A nivel global, según Oxfam Intermón, la concentración de capitales se ha agudizado durante los últimos años. En 2017, ocho personas poseían la misma riqueza que 3.600 millones, la mitad más pobre de la humanidad. España no es una excepción: la desigualdad de renta ha aumentado en los últimos 30 años, y pese a un crecimiento de su PIB desde 2014, se cronifica e intensifica. Según el INE, el 26,1% de la población está en riesgo de pobreza o exclusión social.

Por desgracia, nos hemos acostumbrado a convivir con la desigualdad y no es que sea algo urgente, sino que se ha convertido en algo permanente y vigente. Para abordar la desigualdad no podemos afrontarla como un indicador económico, sino como un factor social que afecta directamente a las personas, porque no somos seres económicos sino humanos y la desigualdad afecta de manera directa al ser humano. La visión económica de la vida nos presenta como sujetos productivos en una sociedad mercantilizada, pero no podemos confrontar la desi­gualdad como un aspecto económico, porque detrás de cada indicador negativo hay alguien que padece sus efectos.

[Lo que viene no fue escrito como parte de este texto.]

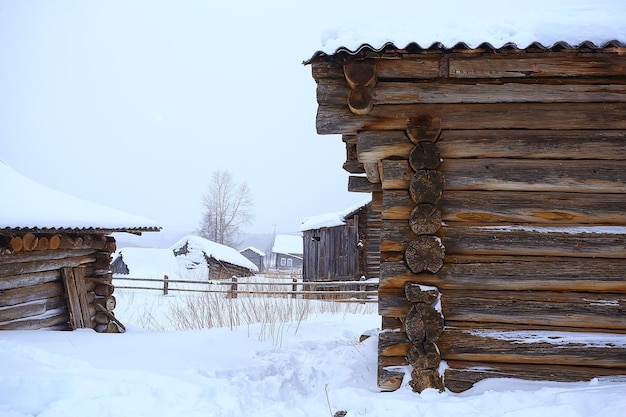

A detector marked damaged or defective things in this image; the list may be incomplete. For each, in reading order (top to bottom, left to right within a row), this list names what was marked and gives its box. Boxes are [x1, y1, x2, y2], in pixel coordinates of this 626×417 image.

La desigualdad está mucho más cerca de nosotros de lo que pensamos. Somos sujetos que ya vivimos en desigualdad y no somos conscientes de que con un pequeño tropiezo estaríamos en medio de ella. Como ciudadanos no podemos permitirnos que la desigualdad sea algo cotidiano y nos tenemos que rebelar para que se vaya reduciendo si queremos tener una sociedad próspera. Por eso nos preguntamos cuánta desigualdad somos capaces de soportar. ¿Cuánta inestabilidad derivada de ella queremos soportar? ¿A qué nivel de inestabilidad nos llevan las diversas desigualdades? Pero lo más importante, ¿cómo podemos actuar?